It was discouraging smaller accounts from moving over. Especially registered accounts. Also Hurting their Advisor and Introducing Brokerage business. Small Accounts become bigger and you can make up for non-profitable with Scale.
I received an email (two actually) from IB in which they announced that they won't charge inactivity fee starting from July 1st onward. I have one account with two account numbers and receive an email for each of these account numbers. They mention that the elimination relates to not only inactivity, but also if the account would not reach the minimum balance. As reason they state that this "aligns them with industry standards". Edit: see here: https://www.elitetrader.com/et/threads/ib-eliminates-inactivity-fees.360044/
Is the better fill quality somehow quantifiable?

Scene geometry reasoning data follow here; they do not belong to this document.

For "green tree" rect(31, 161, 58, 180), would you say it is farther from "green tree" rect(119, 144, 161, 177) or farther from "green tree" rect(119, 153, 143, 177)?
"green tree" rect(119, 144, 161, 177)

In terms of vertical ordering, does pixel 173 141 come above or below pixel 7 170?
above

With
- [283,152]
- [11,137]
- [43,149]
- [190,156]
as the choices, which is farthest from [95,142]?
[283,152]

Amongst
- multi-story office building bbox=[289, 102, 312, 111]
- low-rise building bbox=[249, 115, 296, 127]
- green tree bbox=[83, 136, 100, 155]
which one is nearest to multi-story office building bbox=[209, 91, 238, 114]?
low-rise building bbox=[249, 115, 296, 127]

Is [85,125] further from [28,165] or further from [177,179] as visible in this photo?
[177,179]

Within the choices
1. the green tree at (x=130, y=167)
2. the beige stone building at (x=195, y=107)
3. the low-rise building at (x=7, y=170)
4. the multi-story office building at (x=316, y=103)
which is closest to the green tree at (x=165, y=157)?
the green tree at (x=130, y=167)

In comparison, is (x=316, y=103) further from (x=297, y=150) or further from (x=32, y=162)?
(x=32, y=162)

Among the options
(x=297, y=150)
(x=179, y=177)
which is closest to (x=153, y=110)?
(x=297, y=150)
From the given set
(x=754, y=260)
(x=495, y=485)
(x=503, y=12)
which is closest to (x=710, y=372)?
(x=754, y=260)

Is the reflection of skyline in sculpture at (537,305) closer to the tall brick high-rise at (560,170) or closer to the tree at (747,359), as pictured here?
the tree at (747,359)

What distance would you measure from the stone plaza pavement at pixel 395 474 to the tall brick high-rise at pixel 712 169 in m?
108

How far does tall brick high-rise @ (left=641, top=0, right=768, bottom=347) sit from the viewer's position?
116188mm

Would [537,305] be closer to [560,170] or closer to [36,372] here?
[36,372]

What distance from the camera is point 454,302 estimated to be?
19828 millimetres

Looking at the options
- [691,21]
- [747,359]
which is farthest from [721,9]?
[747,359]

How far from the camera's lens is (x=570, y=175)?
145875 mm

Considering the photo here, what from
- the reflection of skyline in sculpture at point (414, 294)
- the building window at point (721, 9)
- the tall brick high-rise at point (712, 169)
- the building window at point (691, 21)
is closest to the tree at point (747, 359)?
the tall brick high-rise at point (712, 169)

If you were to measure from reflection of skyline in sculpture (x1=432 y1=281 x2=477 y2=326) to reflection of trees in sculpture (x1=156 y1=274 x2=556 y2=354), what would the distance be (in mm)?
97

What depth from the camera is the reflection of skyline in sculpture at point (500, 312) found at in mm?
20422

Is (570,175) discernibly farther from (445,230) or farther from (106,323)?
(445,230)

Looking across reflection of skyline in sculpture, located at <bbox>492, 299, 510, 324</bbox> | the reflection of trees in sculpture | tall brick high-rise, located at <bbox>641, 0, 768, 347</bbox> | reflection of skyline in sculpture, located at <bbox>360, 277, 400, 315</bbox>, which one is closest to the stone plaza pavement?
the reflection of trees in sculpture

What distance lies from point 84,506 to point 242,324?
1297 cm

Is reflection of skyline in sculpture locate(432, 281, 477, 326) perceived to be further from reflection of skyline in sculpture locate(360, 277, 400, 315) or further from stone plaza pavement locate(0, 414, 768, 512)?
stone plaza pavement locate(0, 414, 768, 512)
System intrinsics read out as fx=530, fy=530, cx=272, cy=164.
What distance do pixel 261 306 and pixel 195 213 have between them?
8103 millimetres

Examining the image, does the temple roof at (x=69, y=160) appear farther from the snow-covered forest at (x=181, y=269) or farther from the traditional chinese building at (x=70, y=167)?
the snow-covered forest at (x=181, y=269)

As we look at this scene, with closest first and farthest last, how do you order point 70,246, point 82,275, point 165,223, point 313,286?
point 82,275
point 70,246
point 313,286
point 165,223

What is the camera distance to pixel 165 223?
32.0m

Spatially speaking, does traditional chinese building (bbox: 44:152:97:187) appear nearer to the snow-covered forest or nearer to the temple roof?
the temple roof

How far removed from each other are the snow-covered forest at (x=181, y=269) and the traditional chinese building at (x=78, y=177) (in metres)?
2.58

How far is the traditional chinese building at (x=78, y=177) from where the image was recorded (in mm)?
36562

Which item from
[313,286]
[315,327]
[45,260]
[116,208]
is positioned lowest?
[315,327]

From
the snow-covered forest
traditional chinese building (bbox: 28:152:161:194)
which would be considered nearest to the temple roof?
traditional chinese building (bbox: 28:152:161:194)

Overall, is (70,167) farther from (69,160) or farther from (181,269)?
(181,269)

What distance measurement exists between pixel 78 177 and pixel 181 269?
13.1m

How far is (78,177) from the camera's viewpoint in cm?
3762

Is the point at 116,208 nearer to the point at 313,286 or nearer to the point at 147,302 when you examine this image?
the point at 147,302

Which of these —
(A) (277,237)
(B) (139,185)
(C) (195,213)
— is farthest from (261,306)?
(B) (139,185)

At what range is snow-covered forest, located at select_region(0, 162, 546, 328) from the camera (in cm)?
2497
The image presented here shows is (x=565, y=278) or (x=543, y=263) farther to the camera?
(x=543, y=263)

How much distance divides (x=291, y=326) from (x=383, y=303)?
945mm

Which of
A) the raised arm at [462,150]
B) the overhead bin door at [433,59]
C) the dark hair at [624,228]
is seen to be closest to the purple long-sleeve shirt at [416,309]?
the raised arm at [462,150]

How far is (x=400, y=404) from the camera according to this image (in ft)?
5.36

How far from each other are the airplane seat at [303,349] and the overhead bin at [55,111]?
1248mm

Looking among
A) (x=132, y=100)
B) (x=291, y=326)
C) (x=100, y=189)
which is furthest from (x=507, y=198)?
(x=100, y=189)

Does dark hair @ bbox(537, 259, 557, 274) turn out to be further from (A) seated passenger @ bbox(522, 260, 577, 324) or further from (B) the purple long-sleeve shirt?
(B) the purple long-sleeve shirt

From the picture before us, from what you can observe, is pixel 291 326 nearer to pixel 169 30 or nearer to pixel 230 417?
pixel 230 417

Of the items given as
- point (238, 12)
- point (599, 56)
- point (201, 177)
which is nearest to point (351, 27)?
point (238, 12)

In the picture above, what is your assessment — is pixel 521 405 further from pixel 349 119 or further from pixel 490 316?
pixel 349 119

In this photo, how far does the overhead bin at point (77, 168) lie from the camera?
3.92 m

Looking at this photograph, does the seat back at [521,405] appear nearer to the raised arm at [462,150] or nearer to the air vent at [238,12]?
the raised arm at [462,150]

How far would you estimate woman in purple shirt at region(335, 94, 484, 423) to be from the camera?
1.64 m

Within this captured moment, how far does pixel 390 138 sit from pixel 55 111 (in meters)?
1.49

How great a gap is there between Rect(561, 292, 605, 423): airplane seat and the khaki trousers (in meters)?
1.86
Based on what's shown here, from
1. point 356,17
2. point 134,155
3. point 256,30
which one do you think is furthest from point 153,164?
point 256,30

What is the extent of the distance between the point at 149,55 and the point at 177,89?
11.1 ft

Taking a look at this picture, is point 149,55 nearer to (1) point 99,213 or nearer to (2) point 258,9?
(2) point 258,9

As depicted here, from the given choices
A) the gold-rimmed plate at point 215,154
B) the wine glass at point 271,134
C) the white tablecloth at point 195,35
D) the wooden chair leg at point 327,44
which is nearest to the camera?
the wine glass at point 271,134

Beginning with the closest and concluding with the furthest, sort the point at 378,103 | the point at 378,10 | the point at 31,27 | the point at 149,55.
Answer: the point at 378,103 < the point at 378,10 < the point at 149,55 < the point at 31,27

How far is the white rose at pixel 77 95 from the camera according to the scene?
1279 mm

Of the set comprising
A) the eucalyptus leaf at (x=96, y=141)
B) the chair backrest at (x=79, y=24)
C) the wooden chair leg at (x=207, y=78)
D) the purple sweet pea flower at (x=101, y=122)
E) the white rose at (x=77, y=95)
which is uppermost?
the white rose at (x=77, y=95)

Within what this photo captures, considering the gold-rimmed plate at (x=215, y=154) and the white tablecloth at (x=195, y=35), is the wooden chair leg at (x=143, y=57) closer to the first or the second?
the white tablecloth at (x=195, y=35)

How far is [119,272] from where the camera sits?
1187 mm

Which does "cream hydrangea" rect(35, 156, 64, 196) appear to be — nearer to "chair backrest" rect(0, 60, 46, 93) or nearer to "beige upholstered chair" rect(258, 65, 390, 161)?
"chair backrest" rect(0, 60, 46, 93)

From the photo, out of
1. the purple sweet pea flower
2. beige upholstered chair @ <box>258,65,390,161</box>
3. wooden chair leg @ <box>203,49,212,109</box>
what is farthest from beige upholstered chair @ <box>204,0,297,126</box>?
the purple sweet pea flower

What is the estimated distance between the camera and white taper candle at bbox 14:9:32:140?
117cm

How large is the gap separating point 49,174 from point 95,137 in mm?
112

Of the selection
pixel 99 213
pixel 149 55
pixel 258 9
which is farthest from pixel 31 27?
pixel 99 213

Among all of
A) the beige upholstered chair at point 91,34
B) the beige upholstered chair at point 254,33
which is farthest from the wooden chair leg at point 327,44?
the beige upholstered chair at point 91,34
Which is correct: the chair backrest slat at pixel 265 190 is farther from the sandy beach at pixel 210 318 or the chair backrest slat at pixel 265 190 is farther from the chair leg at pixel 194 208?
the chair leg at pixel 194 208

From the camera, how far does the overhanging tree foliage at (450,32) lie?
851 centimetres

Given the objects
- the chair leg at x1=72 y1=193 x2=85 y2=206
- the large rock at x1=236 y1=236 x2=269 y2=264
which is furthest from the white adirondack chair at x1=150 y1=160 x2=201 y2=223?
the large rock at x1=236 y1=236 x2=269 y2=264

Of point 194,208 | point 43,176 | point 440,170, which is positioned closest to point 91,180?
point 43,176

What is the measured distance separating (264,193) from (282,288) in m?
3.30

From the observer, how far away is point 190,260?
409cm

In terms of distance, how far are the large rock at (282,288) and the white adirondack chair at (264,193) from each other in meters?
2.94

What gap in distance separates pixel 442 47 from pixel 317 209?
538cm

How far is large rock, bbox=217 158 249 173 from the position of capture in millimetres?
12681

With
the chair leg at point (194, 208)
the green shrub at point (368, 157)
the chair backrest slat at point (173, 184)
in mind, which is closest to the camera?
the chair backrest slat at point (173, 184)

How much it matters also depends on the trading volume. I'm a big IB fan, but there are 2 things that for more passive investment (not trading) accounts can cost by magnitudes more than commissions or fill quality: 1. They don't apply tax treaties for dividend withholding on international stocks, in most cases; 2. They are much more aggressive lending stocks bought on margin, resulting in higher tax rates. They also don't reimburse the customer when they lend shares in taxable accounts, something that Fidelity, Schwab, and others do. I had to move assets into another account because they were lending out my municipal bond ETFs, which makes the tax-free dividends taxable which defeats their purpose.
That tax quirck only affect their US clients. Most jurisdictions don't tax dividends differently if the shares are lent out. USA is the exception.